Captioned web image data

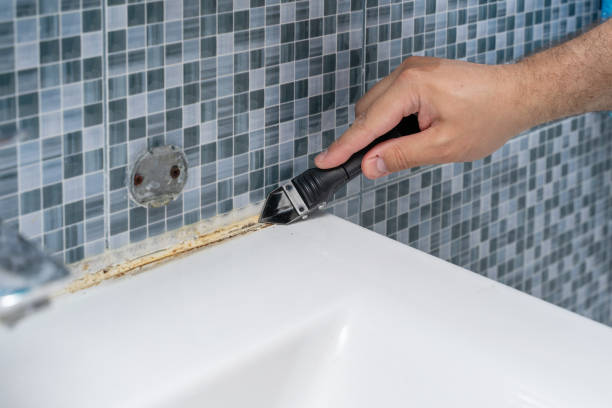 Best Emergency Mold Removal  in Fruitland, NC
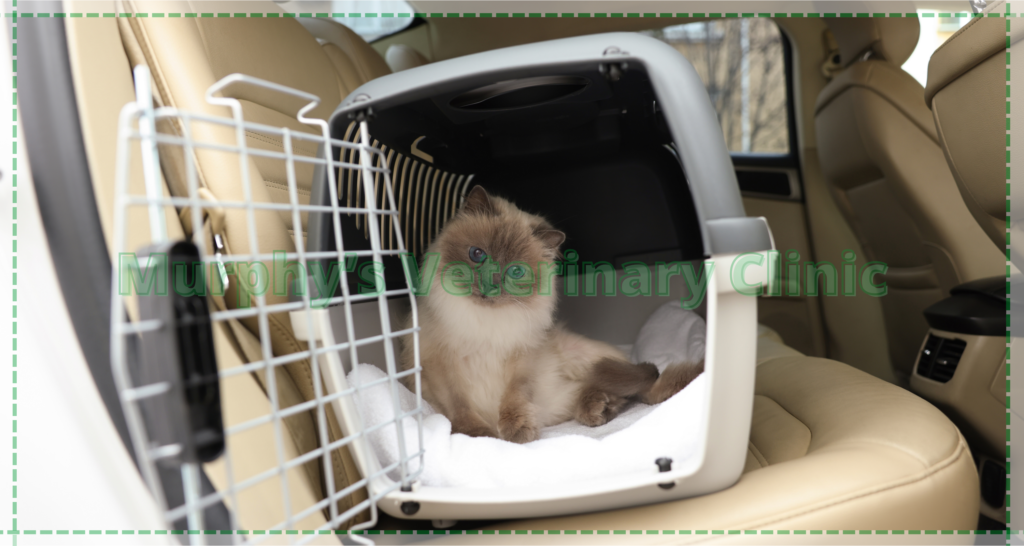 Right Transportation for Pet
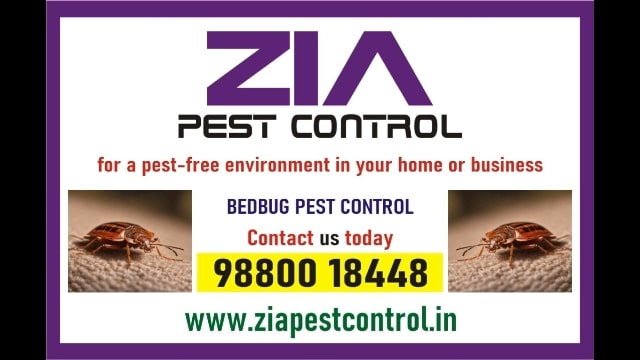https://bigindia.com/storage//uploads/products/1722344657.jpg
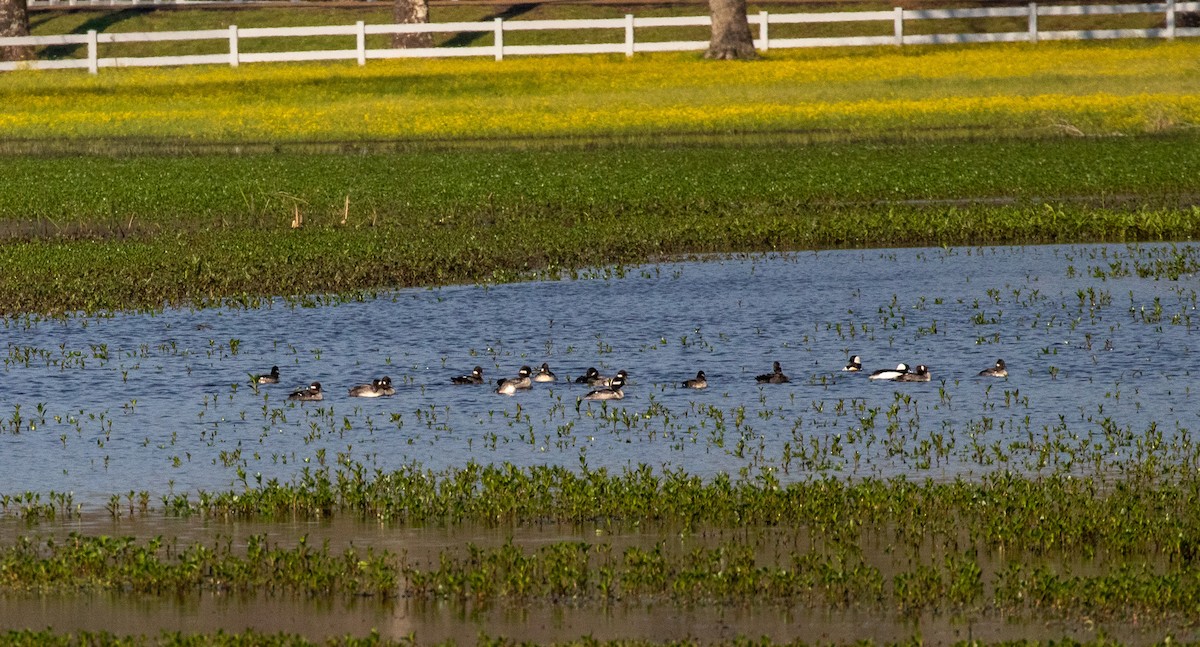 Bufflehead - ML616376327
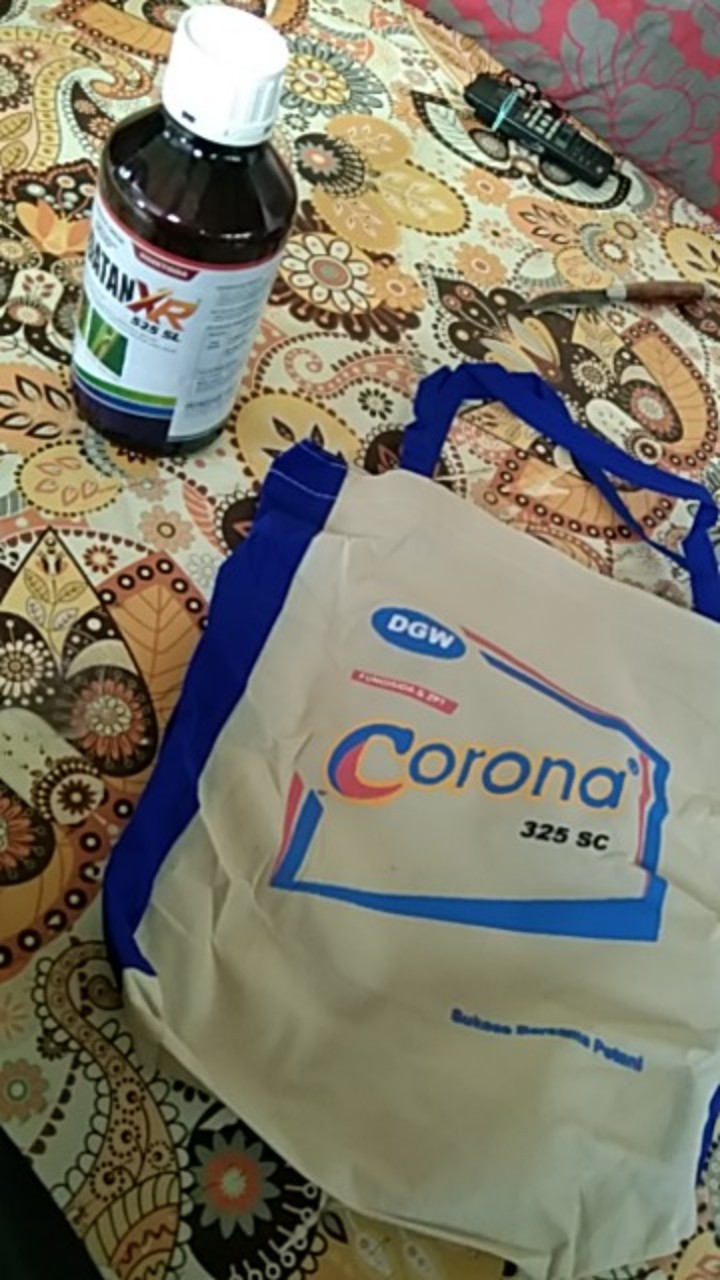 Sidatan Xr Pestisida Insektisida Pengendali Sundep / Penggerek Batang / Wereng Coklat 500ml 1liter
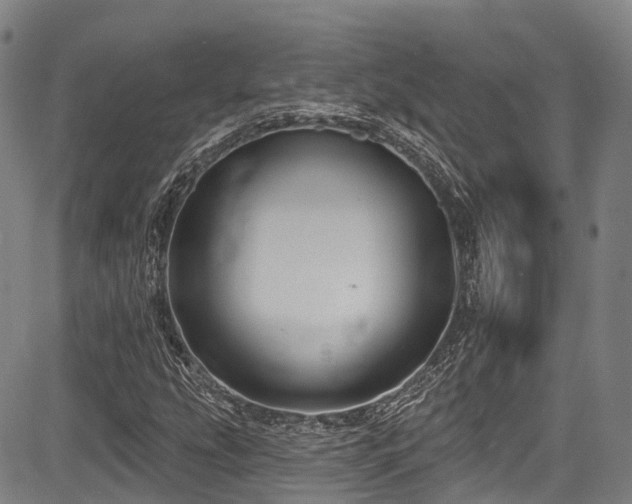 X0000084051207200702161458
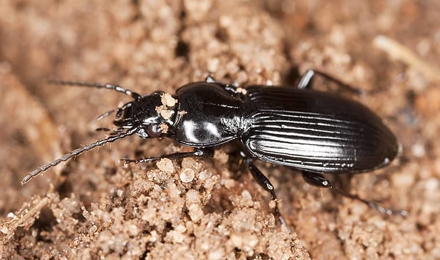 Ground Beetles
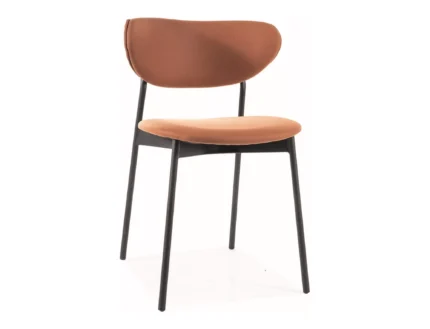 Chair Dan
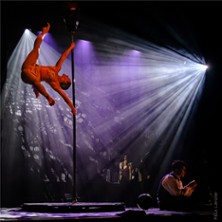 Compagnie Haspop - Curiosit&eacute; - Cirque du Gand Lyon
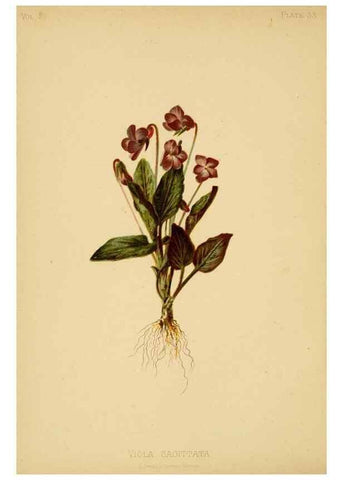 Reproducción/Reproduction 48630977626: The native flowers and ferns of the United States in their botanical, horticultural and popular aspects /. Boston :L. Prang and Co.,1879.. 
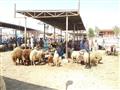 سوق الماشية والأغنام بالسويس (1)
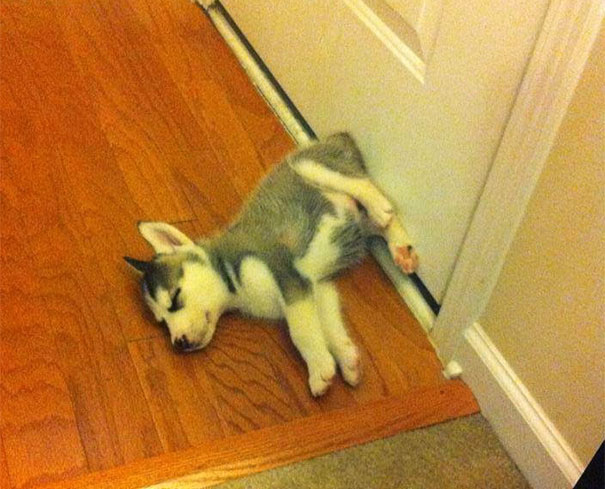 cachorros-perro-durmiendo (4)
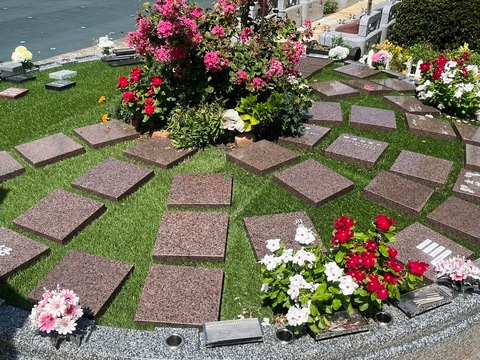 （※写真はイメージです／PIXTA）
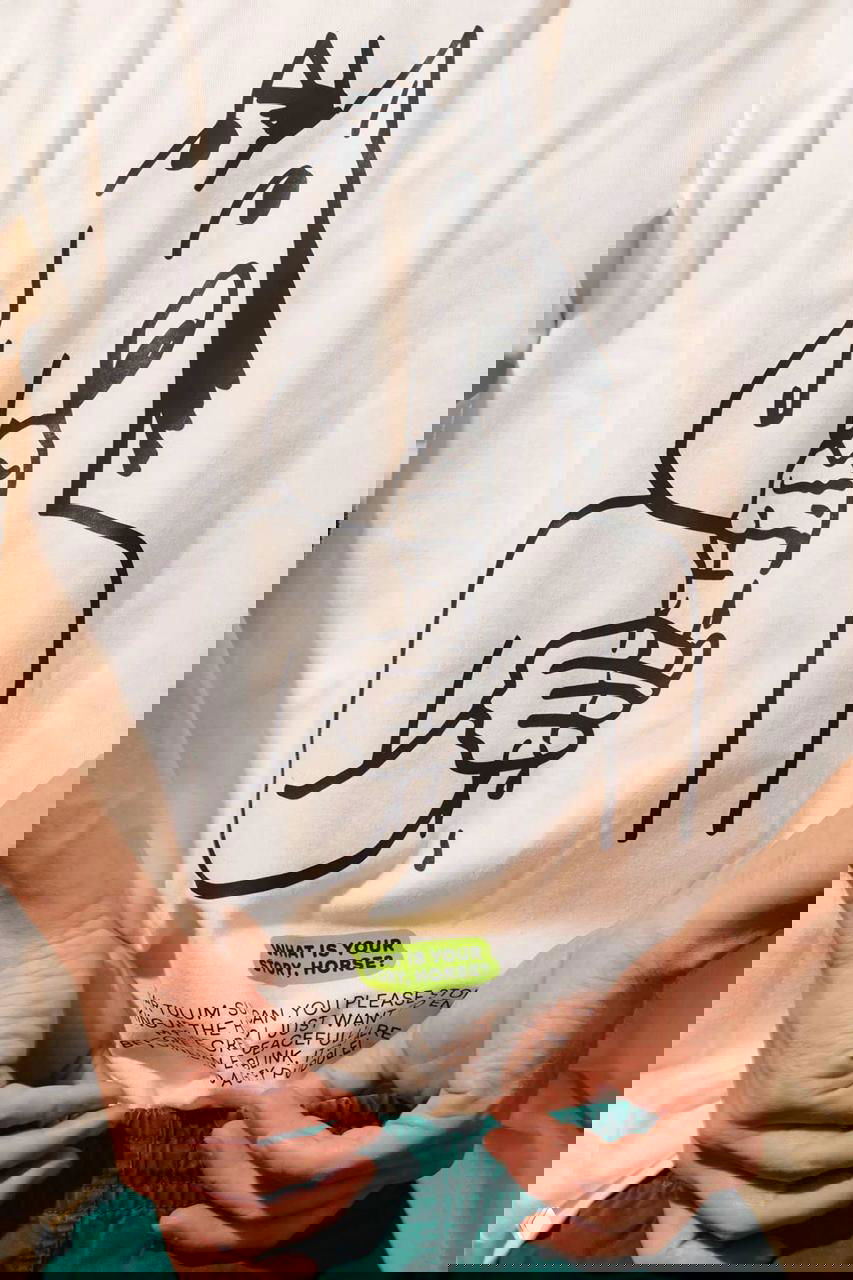 Футболка с крупным принтом Story Horse: рисунок коня, держащего мороженое, нанесён чёрным контуром на светлой ткани в стиле бренда.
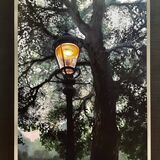 The Lantern print 40x30 £20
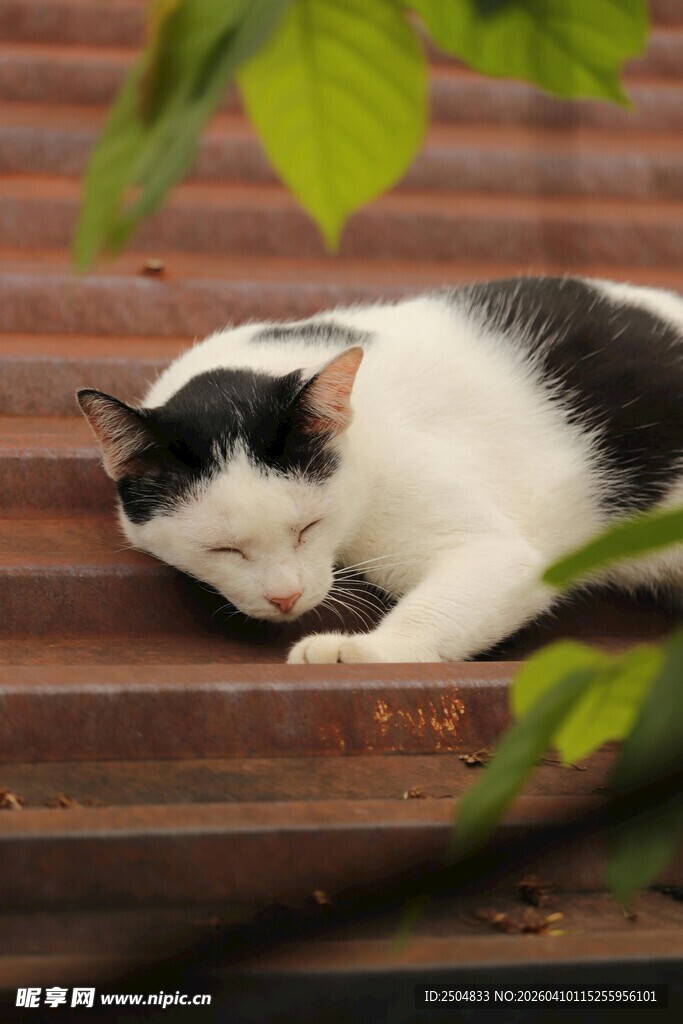 酣睡的黑白猫咪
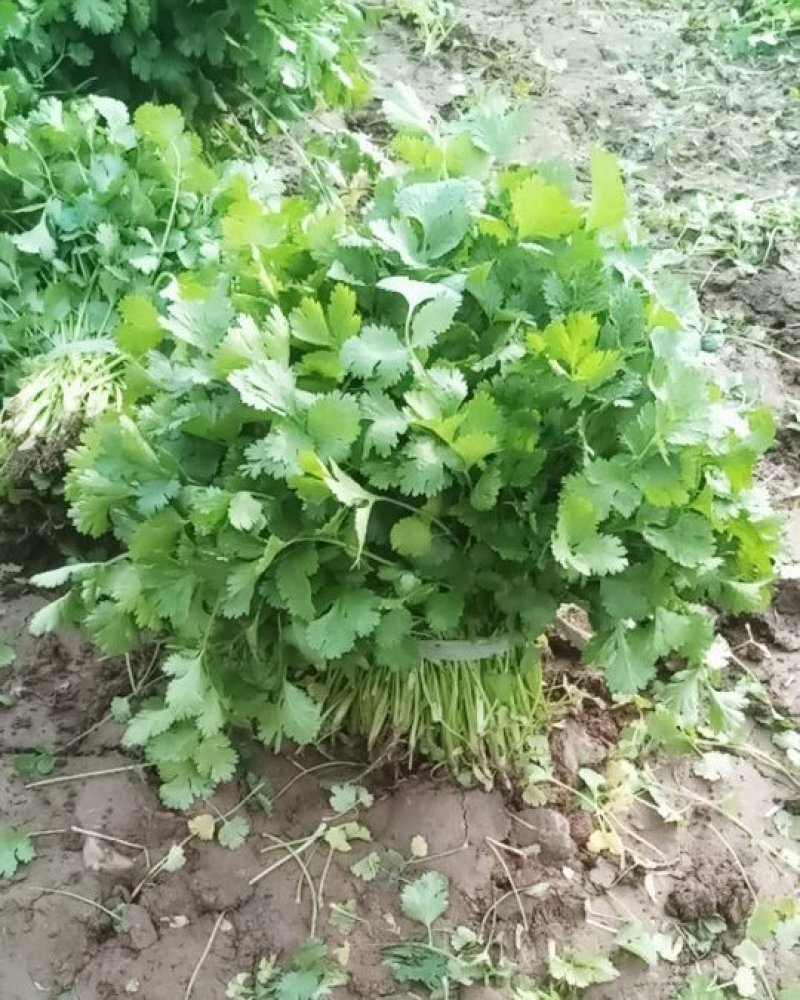 香菜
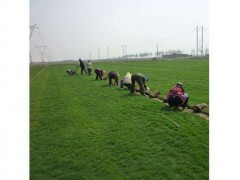 草坪供应 河北草坪销售基地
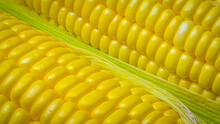 Close Up The Corn Kernels Are Lined Up In A Row Of Corn Kernels. Fresh Golden Yellow Cobs Boiled Corn.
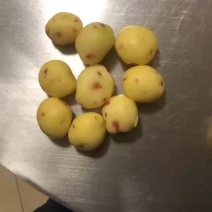 洗土豆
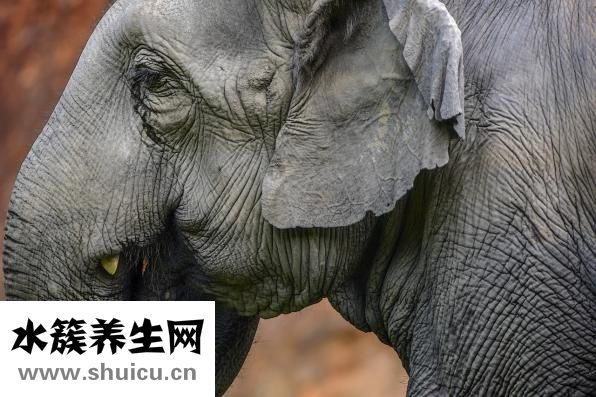 什么是熊貓血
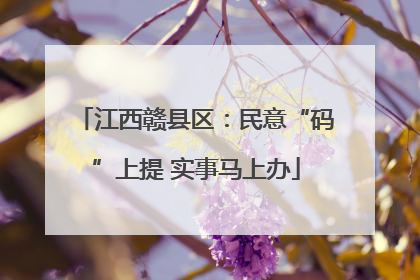 江西赣县区：民意“码”上提 实事马上办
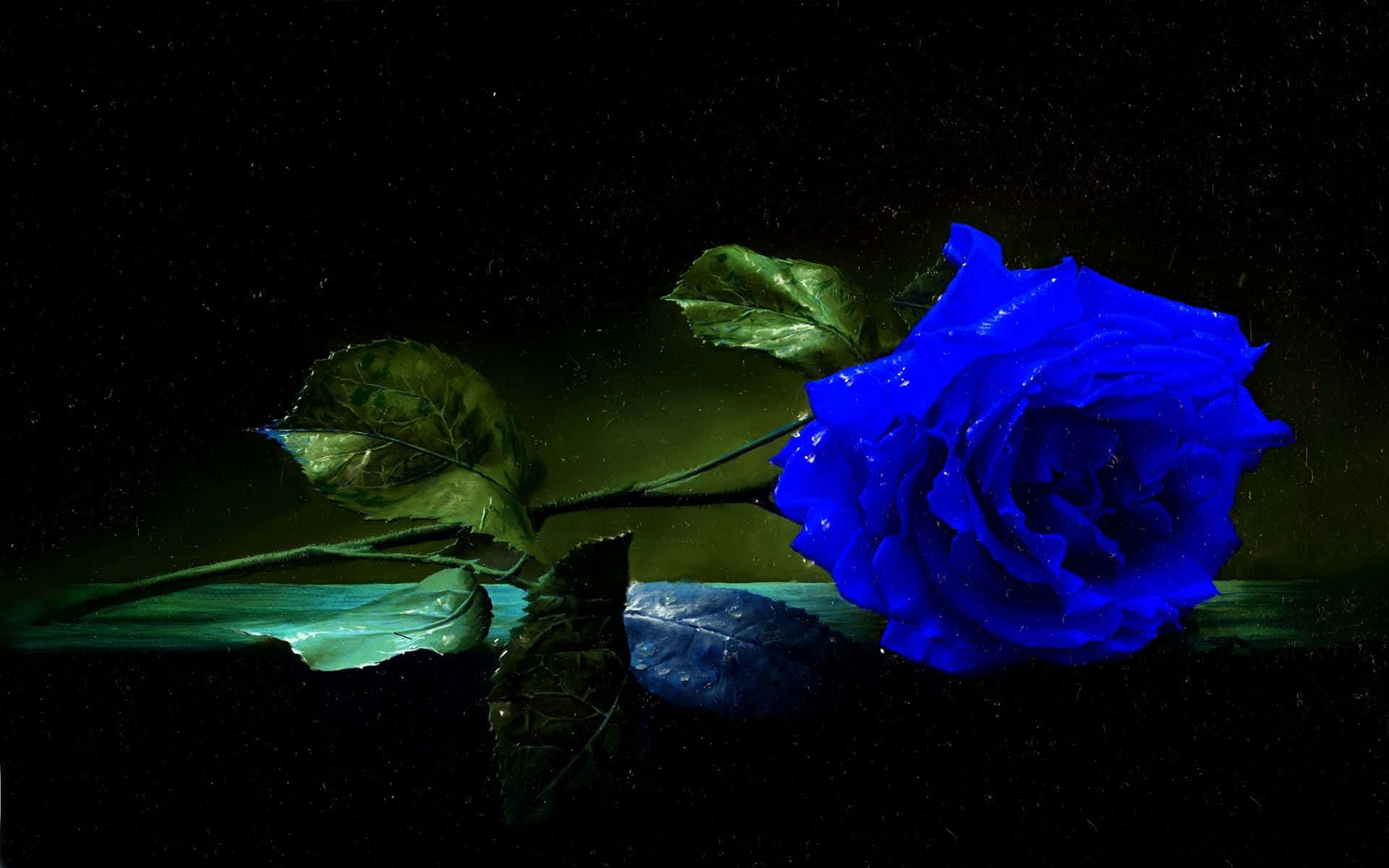 A Stunning Blue Rose, Symbolizing The Rare And Mysterious.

WHAT TO WORK ON
Return all the entries word for word, but omit any pictures they contain.

SOLUTION
 Best Emergency Mold Removal  in Fruitland, NC
 Right Transportation for Pet
https://bigindia.com/storage//uploads/products/1722344657.jpg
 Bufflehead - ML616376327
 Sidatan Xr Pestisida Insektisida Pengendali Sundep / Penggerek Batang / Wereng Coklat 500ml 1liter
 X0000084051207200702161458
 Ground Beetles
 Chair Dan
 Compagnie Haspop - Curiosit&eacute; - Cirque du Gand Lyon
 Reproducción/Reproduction 48630977626: The native flowers and ferns of the United States in their botanical, horticultural and popular aspects /. Boston :L. Prang and Co.,1879.. 
 سوق الماشية والأغنام بالسويس (1)
 cachorros-perro-durmiendo (4)
 （※写真はイメージです／PIXTA）
 Футболка с крупным принтом Story Horse: рисунок коня, держащего мороженое, нанесён чёрным контуром на светлой ткани в стиле бренда.
 The Lantern print 40x30 £20
 酣睡的黑白猫咪
 香菜
 草坪供应 河北草坪销售基地
 Close Up The Corn Kernels Are Lined Up In A Row Of Corn Kernels. Fresh Golden Yellow Cobs Boiled Corn.
 洗土豆
 什么是熊貓血
 江西赣县区：民意“码”上提 实事马上办
 A Stunning Blue Rose, Symbolizing The Rare And Mysterious.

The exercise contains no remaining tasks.